• TASK DATA:
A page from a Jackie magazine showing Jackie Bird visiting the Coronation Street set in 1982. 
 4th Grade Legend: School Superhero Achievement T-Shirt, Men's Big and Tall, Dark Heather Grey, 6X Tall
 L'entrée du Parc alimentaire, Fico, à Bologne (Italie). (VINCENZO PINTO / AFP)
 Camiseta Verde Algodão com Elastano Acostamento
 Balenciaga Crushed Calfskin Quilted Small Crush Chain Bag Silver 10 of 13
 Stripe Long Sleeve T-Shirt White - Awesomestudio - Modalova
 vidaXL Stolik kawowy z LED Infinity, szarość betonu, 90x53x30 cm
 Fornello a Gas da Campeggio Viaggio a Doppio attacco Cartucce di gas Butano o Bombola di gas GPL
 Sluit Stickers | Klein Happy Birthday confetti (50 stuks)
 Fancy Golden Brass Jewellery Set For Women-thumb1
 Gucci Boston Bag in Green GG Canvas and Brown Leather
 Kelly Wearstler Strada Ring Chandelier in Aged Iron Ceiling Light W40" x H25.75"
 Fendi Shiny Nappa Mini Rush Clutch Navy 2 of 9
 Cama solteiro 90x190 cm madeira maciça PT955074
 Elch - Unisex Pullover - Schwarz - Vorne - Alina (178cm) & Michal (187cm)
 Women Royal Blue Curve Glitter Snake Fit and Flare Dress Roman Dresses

• TASK ITEM: From the records above, give again exactly the lines running from the line with "L'entrée du Parc" to the line with "Elch - Unisex", inclusive.

• SOLUTION FOR THIS PROBLEM:
 L'entrée du Parc alimentaire, Fico, à Bologne (Italie). (VINCENZO PINTO / AFP)
 Camiseta Verde Algodão com Elastano Acostamento
 Balenciaga Crushed Calfskin Quilted Small Crush Chain Bag Silver 10 of 13
 Stripe Long Sleeve T-Shirt White - Awesomestudio - Modalova
 vidaXL Stolik kawowy z LED Infinity, szarość betonu, 90x53x30 cm
 Fornello a Gas da Campeggio Viaggio a Doppio attacco Cartucce di gas Butano o Bombola di gas GPL
 Sluit Stickers | Klein Happy Birthday confetti (50 stuks)
 Fancy Golden Brass Jewellery Set For Women-thumb1
 Gucci Boston Bag in Green GG Canvas and Brown Leather
 Kelly Wearstler Strada Ring Chandelier in Aged Iron Ceiling Light W40" x H25.75"
 Fendi Shiny Nappa Mini Rush Clutch Navy 2 of 9
 Cama solteiro 90x190 cm madeira maciça PT955074
 Elch - Unisex Pullover - Schwarz - Vorne - Alina (178cm) & Michal (187cm)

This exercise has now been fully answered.